▸ **INSTRUCTIONS FOR THE TASK**:
Give each record below again, without a single difference.

▸ **Data entries**:
>>>

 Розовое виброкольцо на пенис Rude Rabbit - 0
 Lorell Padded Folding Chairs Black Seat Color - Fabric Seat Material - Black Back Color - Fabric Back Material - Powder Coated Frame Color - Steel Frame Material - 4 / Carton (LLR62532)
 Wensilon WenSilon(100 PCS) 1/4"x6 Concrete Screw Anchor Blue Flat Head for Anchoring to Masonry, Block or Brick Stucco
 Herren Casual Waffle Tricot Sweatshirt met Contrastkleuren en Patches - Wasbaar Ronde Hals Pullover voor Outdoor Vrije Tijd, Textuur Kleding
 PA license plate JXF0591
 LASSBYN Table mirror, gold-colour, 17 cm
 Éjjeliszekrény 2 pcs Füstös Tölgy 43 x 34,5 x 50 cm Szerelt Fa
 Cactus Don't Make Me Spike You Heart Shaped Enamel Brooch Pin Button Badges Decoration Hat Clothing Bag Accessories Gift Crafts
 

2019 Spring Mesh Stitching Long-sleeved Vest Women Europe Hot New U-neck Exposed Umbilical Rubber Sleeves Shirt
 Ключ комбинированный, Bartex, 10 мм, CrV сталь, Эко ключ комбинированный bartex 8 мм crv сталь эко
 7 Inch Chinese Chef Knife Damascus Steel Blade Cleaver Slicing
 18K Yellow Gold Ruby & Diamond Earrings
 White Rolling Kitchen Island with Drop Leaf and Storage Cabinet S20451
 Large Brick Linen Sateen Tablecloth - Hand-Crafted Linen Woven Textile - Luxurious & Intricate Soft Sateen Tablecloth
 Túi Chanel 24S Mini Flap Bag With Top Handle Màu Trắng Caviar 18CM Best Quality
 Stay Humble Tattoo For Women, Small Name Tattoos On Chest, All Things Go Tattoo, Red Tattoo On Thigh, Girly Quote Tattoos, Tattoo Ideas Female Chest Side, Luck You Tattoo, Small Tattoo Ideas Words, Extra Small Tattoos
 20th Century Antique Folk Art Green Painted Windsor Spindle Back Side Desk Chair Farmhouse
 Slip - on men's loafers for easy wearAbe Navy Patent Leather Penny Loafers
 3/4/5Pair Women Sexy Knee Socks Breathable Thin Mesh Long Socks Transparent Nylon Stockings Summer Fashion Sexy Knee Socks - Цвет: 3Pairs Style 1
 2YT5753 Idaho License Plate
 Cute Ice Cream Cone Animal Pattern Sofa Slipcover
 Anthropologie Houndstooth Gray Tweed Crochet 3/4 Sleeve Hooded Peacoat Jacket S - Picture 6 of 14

<<<

▸ **REPLY**:
 Розовое виброкольцо на пенис Rude Rabbit - 0
 Lorell Padded Folding Chairs Black Seat Color - Fabric Seat Material - Black Back Color - Fabric Back Material - Powder Coated Frame Color - Steel Frame Material - 4 / Carton (LLR62532)
 Wensilon WenSilon(100 PCS) 1/4"x6 Concrete Screw Anchor Blue Flat Head for Anchoring to Masonry, Block or Brick Stucco
 Herren Casual Waffle Tricot Sweatshirt met Contrastkleuren en Patches - Wasbaar Ronde Hals Pullover voor Outdoor Vrije Tijd, Textuur Kleding
 PA license plate JXF0591
 LASSBYN Table mirror, gold-colour, 17 cm
 Éjjeliszekrény 2 pcs Füstös Tölgy 43 x 34,5 x 50 cm Szerelt Fa
 Cactus Don't Make Me Spike You Heart Shaped Enamel Brooch Pin Button Badges Decoration Hat Clothing Bag Accessories Gift Crafts
 

2019 Spring Mesh Stitching Long-sleeved Vest Women Europe Hot New U-neck Exposed Umbilical Rubber Sleeves Shirt
 Ключ комбинированный, Bartex, 10 мм, CrV сталь, Эко ключ комбинированный bartex 8 мм crv сталь эко
 7 Inch Chinese Chef Knife Damascus Steel Blade Cleaver Slicing
 18K Yellow Gold Ruby & Diamond Earrings
 White Rolling Kitchen Island with Drop Leaf and Storage Cabinet S20451
 Large Brick Linen Sateen Tablecloth - Hand-Crafted Linen Woven Textile - Luxurious & Intricate Soft Sateen Tablecloth
 Túi Chanel 24S Mini Flap Bag With Top Handle Màu Trắng Caviar 18CM Best Quality
 Stay Humble Tattoo For Women, Small Name Tattoos On Chest, All Things Go Tattoo, Red Tattoo On Thigh, Girly Quote Tattoos, Tattoo Ideas Female Chest Side, Luck You Tattoo, Small Tattoo Ideas Words, Extra Small Tattoos
 20th Century Antique Folk Art Green Painted Windsor Spindle Back Side Desk Chair Farmhouse
 Slip - on men's loafers for easy wearAbe Navy Patent Leather Penny Loafers
 3/4/5Pair Women Sexy Knee Socks Breathable Thin Mesh Long Socks Transparent Nylon Stockings Summer Fashion Sexy Knee Socks - Цвет: 3Pairs Style 1
 2YT5753 Idaho License Plate
 Cute Ice Cream Cone Animal Pattern Sofa Slipcover
 Anthropologie Houndstooth Gray Tweed Crochet 3/4 Sleeve Hooded Peacoat Jacket S - Picture 6 of 14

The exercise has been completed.